Итак, Фоминишна беспокоится вовсе не о том, что Липочка «не доест» положенных ей при другом (более удачном) раскладе пирогов. Старая няня образно и афористично отзывается об общеизвестном презрении «офранцузившихся» «благородных» ко всему русскому – к вопросам веры и благочестия, ко всему, что связано с церковью, а это – гораздо более серьезно. Она попросту говорит: благородные никакой разницы между постом и мясоедом, между праздниками (в том числе, и воскресениями) и буднями не видят и не признают, потому что от православной веры фактически давно уже отпали. И если новоиспеченная супруга не захочет, чтобы у них с мужем были разные представления о том, что считать праздниками и как их отмечать, то она (скорее всего, именно она, «неблагородная», а не ее «благородный» супруг) вынуждена будет изменить привычный по отчему дому образ жизни, за ним – изменить систему ценностей, приоритеты и стереотипы поведения, а там и мировосприятие в целом. Убеждение старой няни в том, что подобный путь не принесет ничего, кроме невосполнимых нравственных потерь и вреда для души ее воспитанницы (а вовсе не «логический вывод» о «священности и нерасторжимости» связи воскресенья и пирогов и/или субботы и бани ), – вполне обычно для любого верующего человека. Что же касается оперирования категориями мужик и баба в указанном автором постулате, то оно выглядит маловероятным не только для благородного, но и для простой Фоминишны (у которой вряд ли повернется язык назвать бабой свое ненаглядное дитё – Липочку, а ее будущего благородного мужа – мужиком).

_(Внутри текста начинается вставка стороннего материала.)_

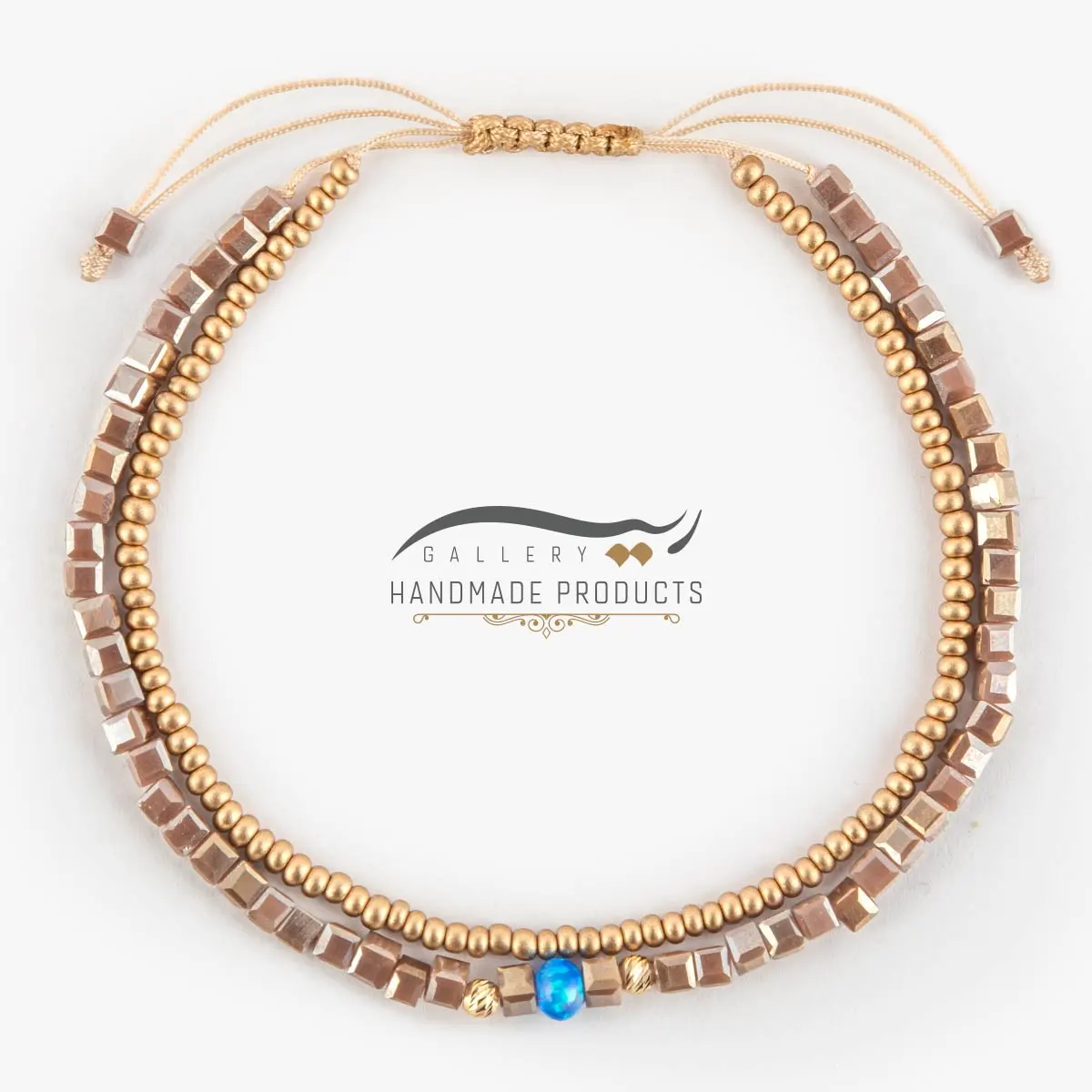 دستبند طلا زنانه موانا ( ساخته شده از کریستال، منجوق، طلا)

Нам представляется, что именно в подобных явлениях А.Л. Вассоевич видит то, что он называет попыткой «переосмысления одного мировоззрения через другое», с чем нельзя не согласиться. [Вассоевич 1998, 144-145]. Ему как специалисту по древностям приходится довольно часто встречаться с подобными фактами: «Настойчивое стремление рассматривать древнейшие письменные свидетельства через призму известного мироощущения второй половины XIX – начала XX века дискредитировало себя уже в 70-е годы. Об этом открыто еще не писали, но уже частенько говорили в университетских аудиториях и в коридорах академических институтов. Время требовало новых методологических подходов в историко-философских исследованиях, и проблема эта сохранила свою актуальность и по сей день» [там же, 11]. Это актуально и по отношению к прагматической обусловленности современного ДАА.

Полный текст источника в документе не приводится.